BEGIN DATA PROVIDED
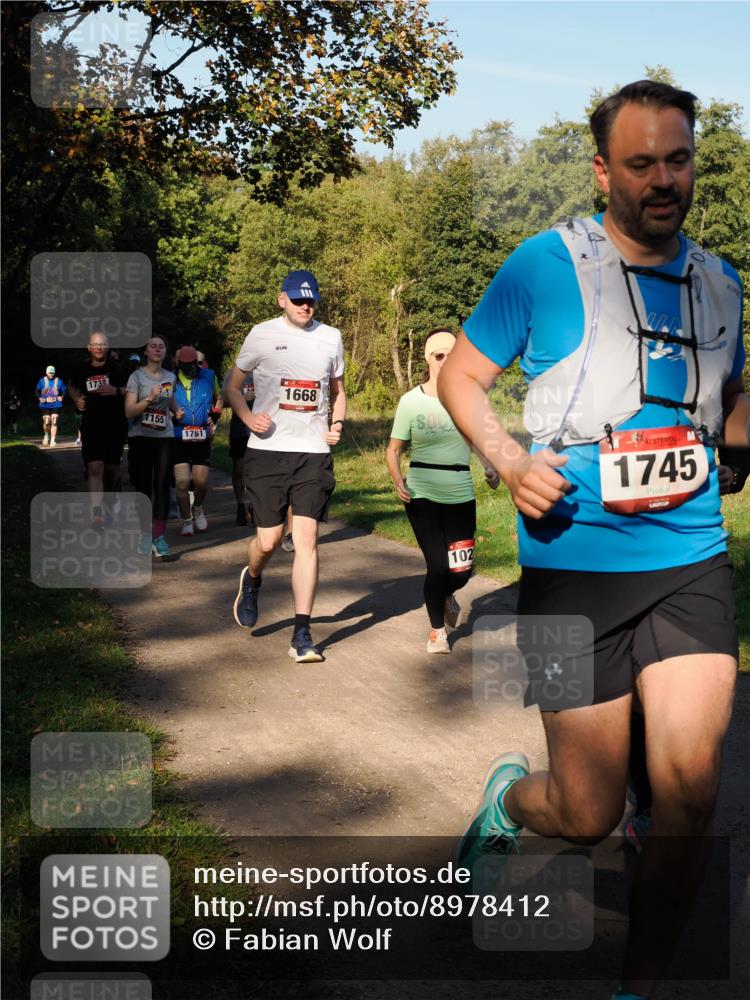 28.09.2025 - 33. Volkslauf durch das schöne Alstertal Fabian Wolf http://msf.ph/oto/8978412 28.09.2025 10:06:26 Laufen 1732, 1155, 1761, 1668, 102, 1745 meine-sportfotos.de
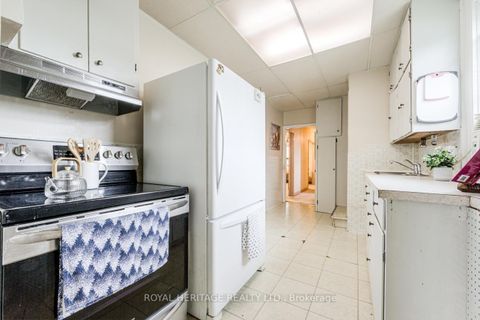 Photo 12 at 758 Jane Street, Smythe, Toronto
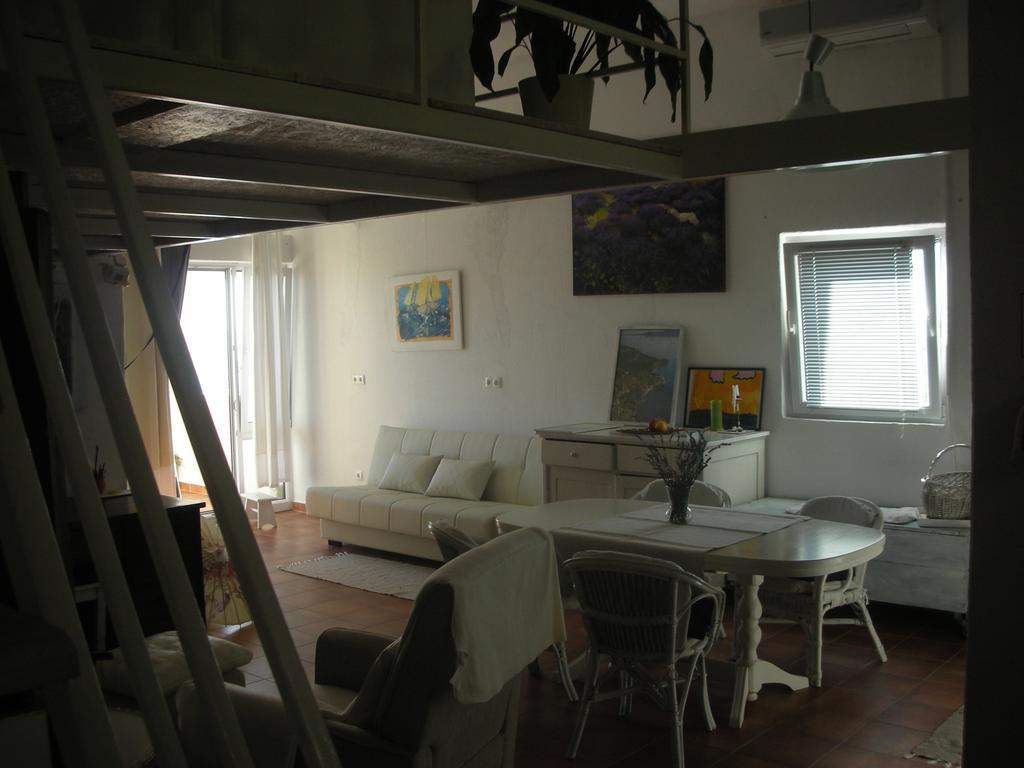Apartment Croatia Art ドラスニセ 部屋 写真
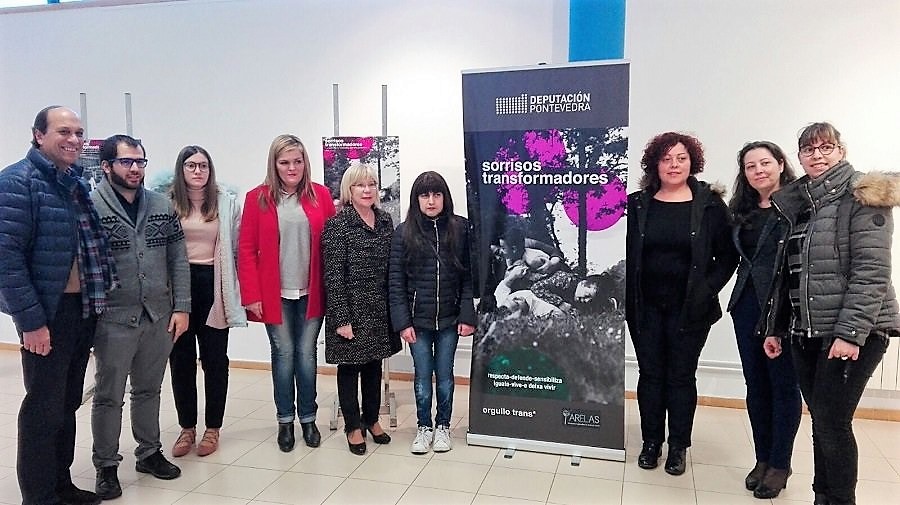 inaugurada-a-mostra-sorrisos-transformadores-no-multiusos-de-chapela-redondela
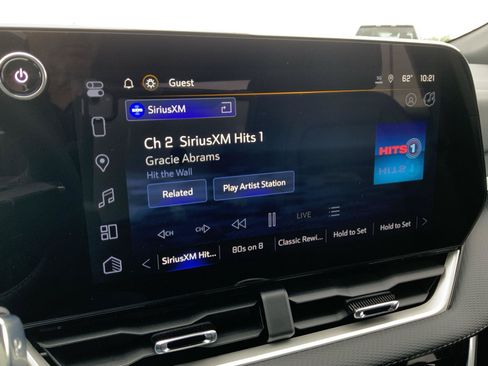 New 2026 Chevrolet Equinox LT w/ Convenience Package II FWD image 43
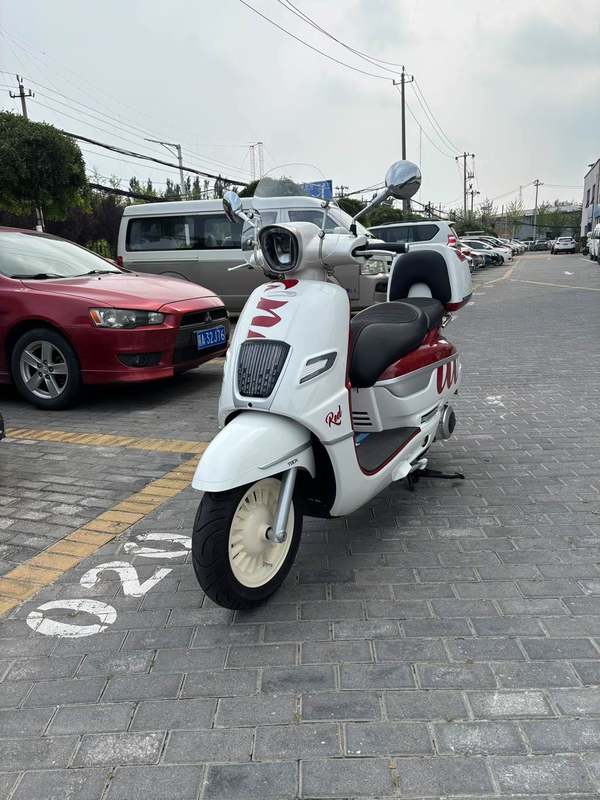 二手南方梦拉丽莎 飞戈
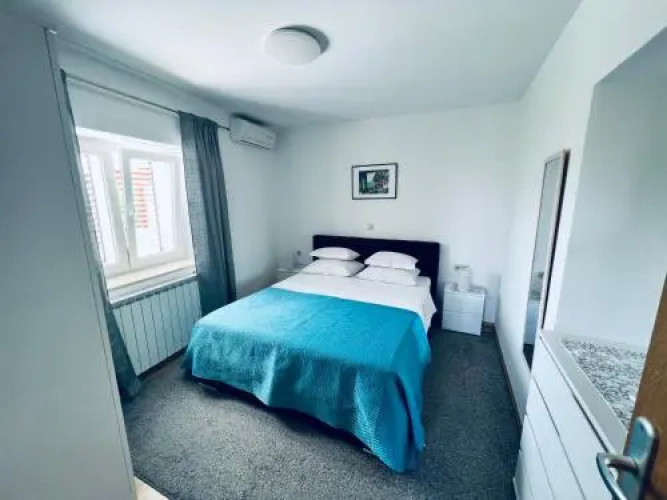 Jakov Apartments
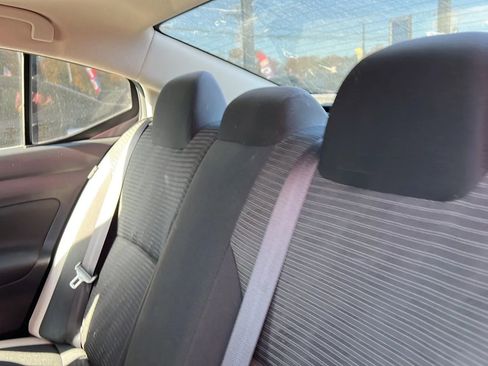 Used 2021 Nissan Versa SV image 35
END DATA PROVIDED
WORK ITEM:
Reproduce nothing but the lines that run from the line containing "New 2026 Chevrolet" through the last line of the records, inclusive. Omit the pictures.

ANSWER FOR THE TASK:
 New 2026 Chevrolet Equinox LT w/ Convenience Package II FWD image 43
 二手南方梦拉丽莎 飞戈
 Jakov Apartments
 Used 2021 Nissan Versa SV image 35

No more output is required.